(By Kingsley Abbott, from the March, 1998 issue of Mojo Magazine.)

DENNIS WILSON's increasingly emotional and epic contributions to The Beach Boys' albums in the late '60s and '70s showed that perhaps big brother Brian wasn't the only genius in the group.

Dennis was never allowed the level of involvement in the early Beach Boys successes that he might have liked. Indeed, he had only been grudgingly allowed into the band at the insistence of his mum. He was given a few lead vocals on the early albums to supplement his live drumming, once his role of band heart-throb and scream generator had been established, but, such was his wayward and unreliable nature, it seems that the others became increasingly happy to keep Dennis at arm's length.

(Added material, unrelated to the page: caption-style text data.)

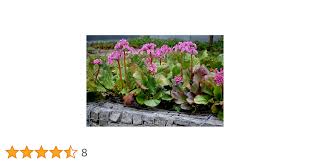 Image result for Bergenie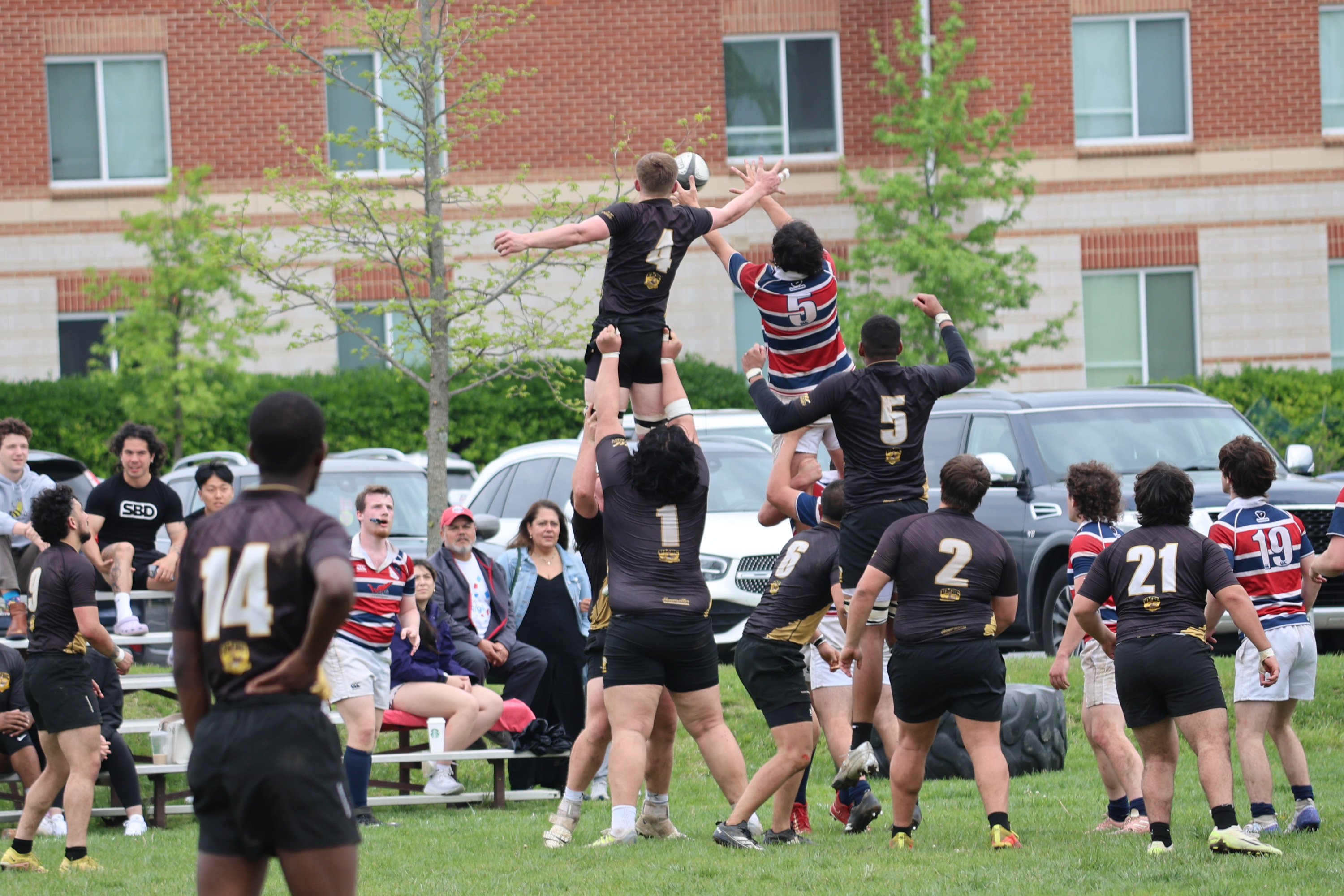 Rugby Excellence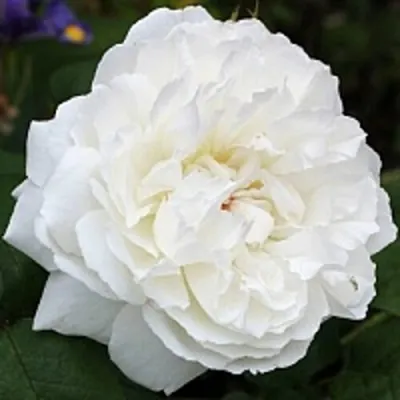 Саженцы роз ВИНЧЕСТЕР КАФЕДРАЛ английская в Москве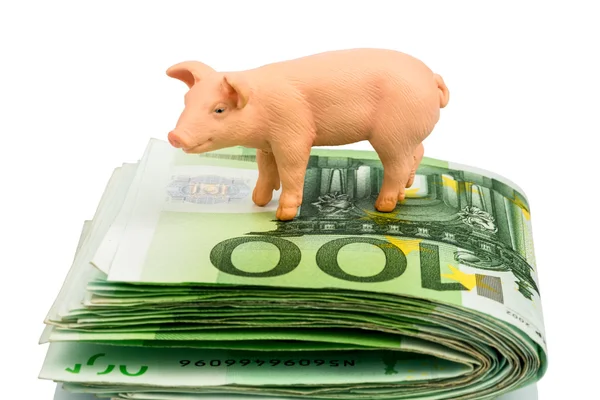 Schwein auf Euro-Banknoten Geld — Stockfoto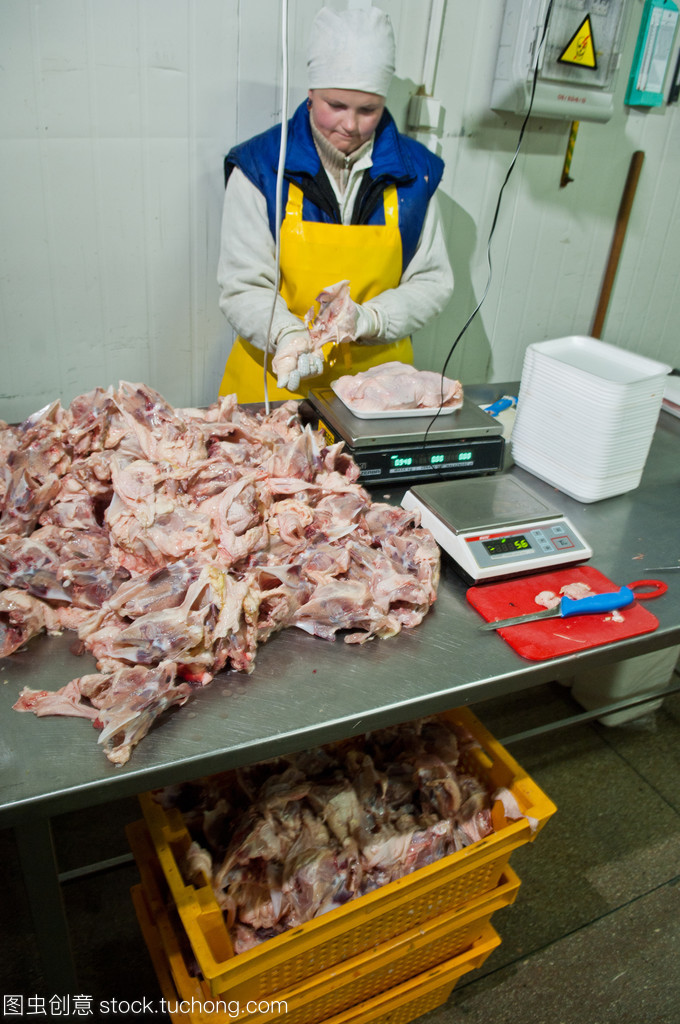 食品工業(yè)中的家禽加工與屠宰 標(biāo)準(zhǔn)化流程與安全控制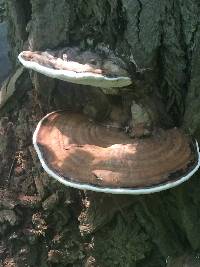 Ganoderma applanatum image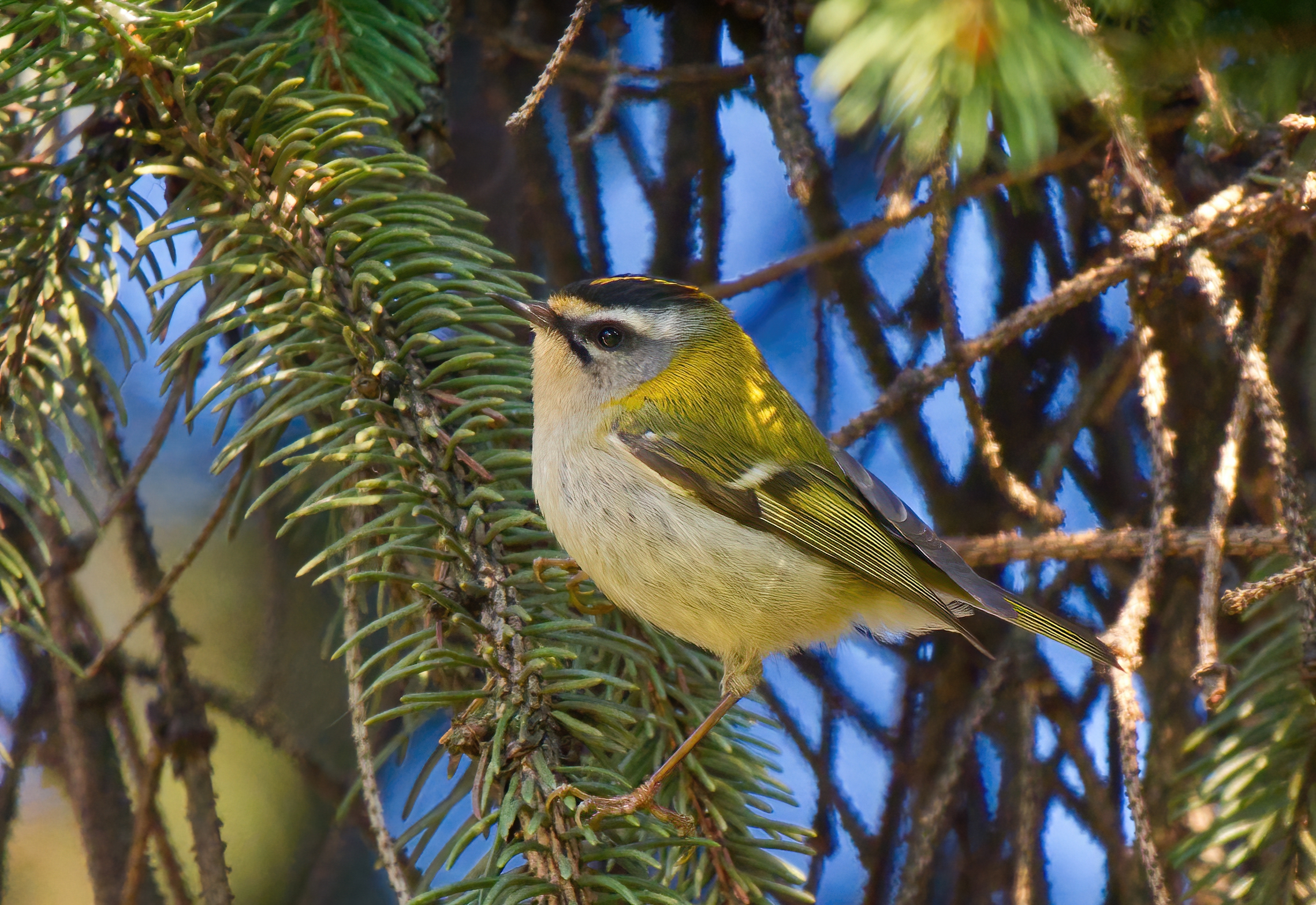 Il piccolo fiorrancino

Nevertheless, to the outside world, Dennis - who hung out with the cooler end of the LA rock scene - was as involved as anyone, keenly championing Brian's experimentations with Pet Sounds and the abandoned Smile. Dennis the composer began to emerge in the late '60s when he collaborated with poet and lyricist Steve Kalinich on two songs for the Friends album, the delightful Little Bird and Be Still. While his singing wasn't as sweet as his brother's, there was a distinctive, tender quality to his fragile vocals, suggesting that under the rakish exterior lurked a sensitive soul. "Dennis and I used to sit up in his tree-hut and talk about how we would like to change and help influence the world towards peace, and helping all the sick kids," Kalinich recalls. "Despite all the things you read about Dennis, there was that side of him that wanted to give."

Dennis's emerging ideas and poetic concepts were not given strong support within the group. As early as 1970 it become clear that he would eventually have to produce a solo project. However, with Brian's increasing unreliability, The Beach Boys needed any decent songs they could get. Dennis's Be With Me on 20/20, Slip On Through and Forever on Sunflower, Celebrate The News (on the B-side of Breakaway), Make It Good and Cuddle Up on Carl And The Passions, Only With You on Holland and his Sound Of Free solo single all served to build his confidence, but also to postpone any solo album. Finally, in 1977, he recorded his masterpiece.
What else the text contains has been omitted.